It’s funny how little you hear about Rick Perry anymore, even in Texas. His last legislative session is behind him, and in less than a year’s time he’ll be handing over the keys to the governor’s mansion after a fifteen-year lease. (Well, if you set aside the business with the molotov cocktail.) He’s gone from coyote-killer to lame duck, and all eyes are on his likely successors.
But he’s still here—still governing—and he’s still toying with the idea of running for president. Maybe he doesn’t have a chance, but maybe that’s not part of his calculus. Even a moderately competent presidential run would be a better nightcap on his career in public life than the—well, you know. The “Oops” business. If he does well enough, he might be a suitable VP candidate for a nominee who needs more deep-fried credentials with the base. And failed GOP presidential candidates who win renown with conservatives often cash in for lucrative paychecks: for their campaign assets, future media appearances, and speaking engagements.
Whatever his reason for running, he still seems to be setting it up. And he’s clearly trying to reinvent himself—starting with his Warby Parker-fied hipster glasses. His recent trip to Davos showed a new side to Perry, comfortable, he’d like to seem, among the world’s powerful and moneyed classes. Neo-Perry, if you will. And to that end he’s been making some noises that seem at odds with Perry the younger, the fellow who came to power in 2000. In Davos, he talked up criminal sentencing reform, adding that states should be allowed to experiment with marijuana decriminalization and legalization.
That brings us to the Conservative Political Action Conference (CPAC) where Perry spoke Friday.

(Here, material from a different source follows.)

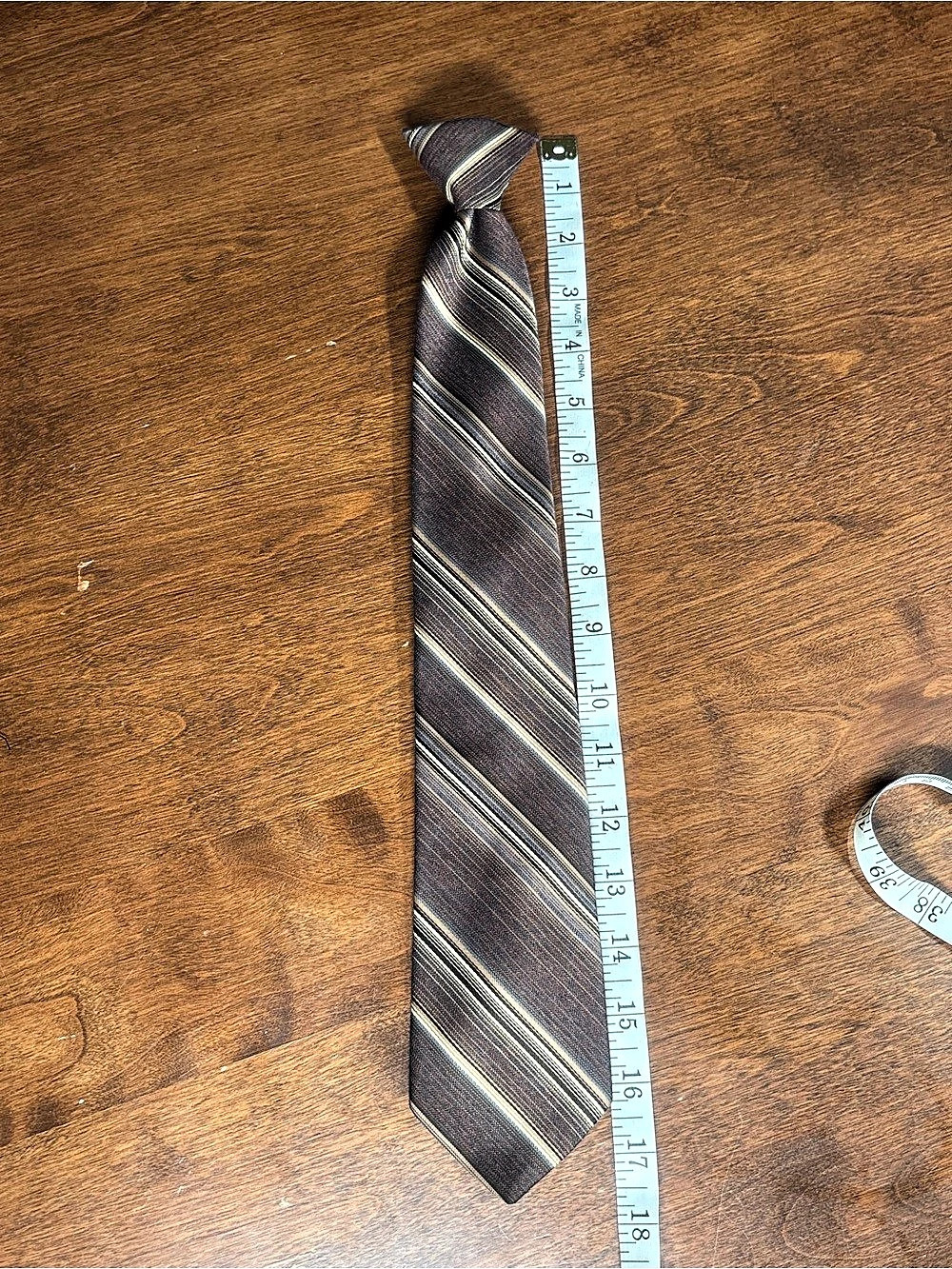 Vintage 70s Prince Consort Golden Clasp Striped Clip-On Tie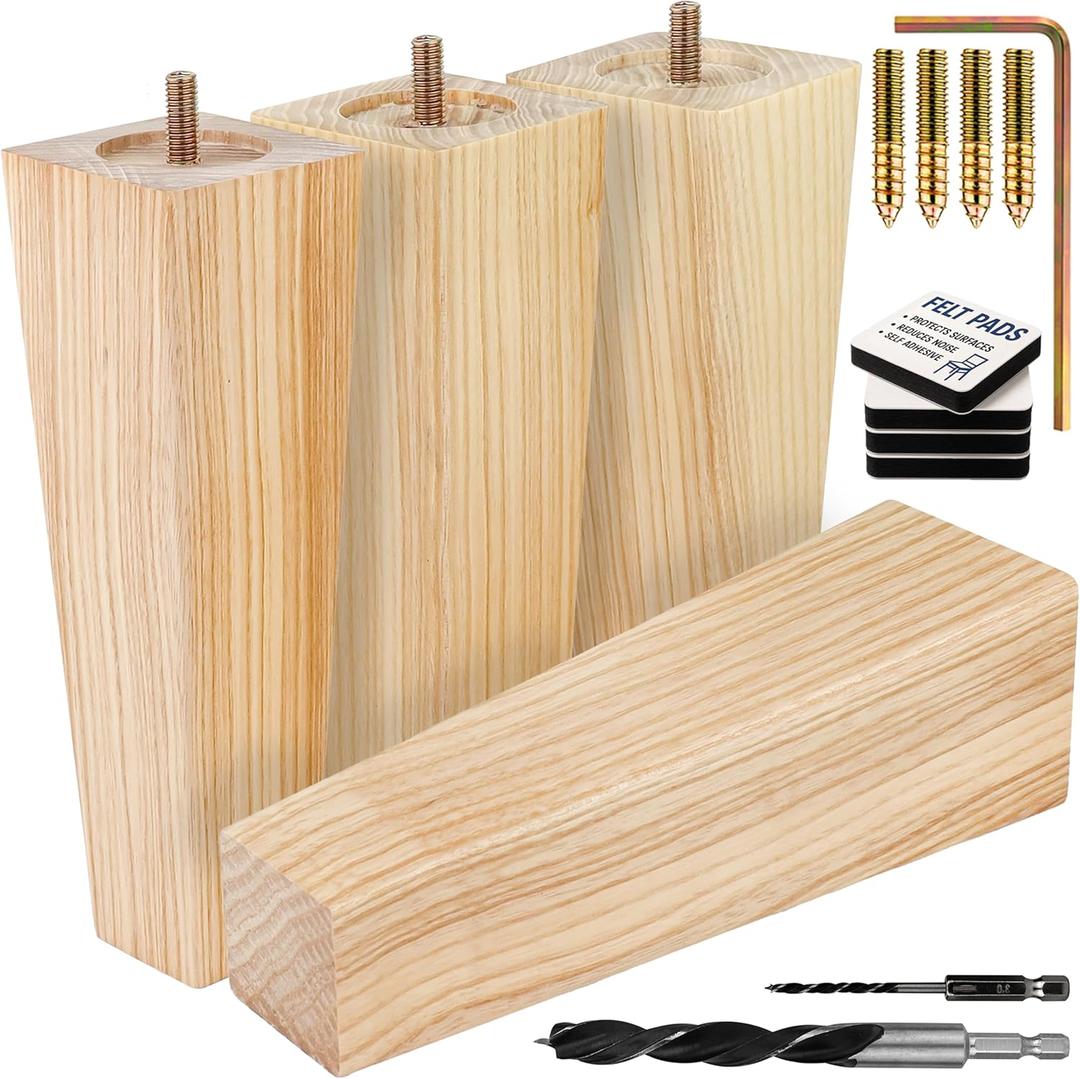 Airy Abode Premium Ash Wood Square Furniture Legs (Full Install Kit) - Pick Your Size and Color (8 Inches)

The conference is a major event on the Republican calendar, and it attracts politicians and activists from all across the country. By all accounts, Perry got a rapturous reception. Politico attests that he “delivered one of the best-received speeches” at the conference so far, “bringing the audience to its feet and eliciting loud cheers.”
The speech was quintessential Perry, chock full of passion and red meat. “Let the sleeping giant of American prosperity create prosperity again,” he exorted. “You are the path to the future—a light on the distant shore. You represent a renewed hope that America can be great again,” he told the crowd, nearly shouting, to a din of rapturous applause.
But it was afterward, when Perry joined a panel on criminal sentencing reform that included Grover Norquist and former NYPD commissioner (and felon) Bernie Kerik that he really distinguished himself—bragging, unusually, not on Texas’ economic success but on steps the state had made to reform its prison system.
“We shut a prison down last year. You want to talk about a real conservative government? Shut prisons down,” Perry said. “Save money. That’s what can happen with drug courts.”
Perry, of course, has increasingly little ability to influence policy in the state. But as a trusted figure in the conservative movement who can advocate in support of sentencing reform, a movement that might be otherwise associated with the widely-loathed (among conservatives) U.S. Attorney General Eric Holder, he could do a great deal of good for the country. It would be a fitting last act.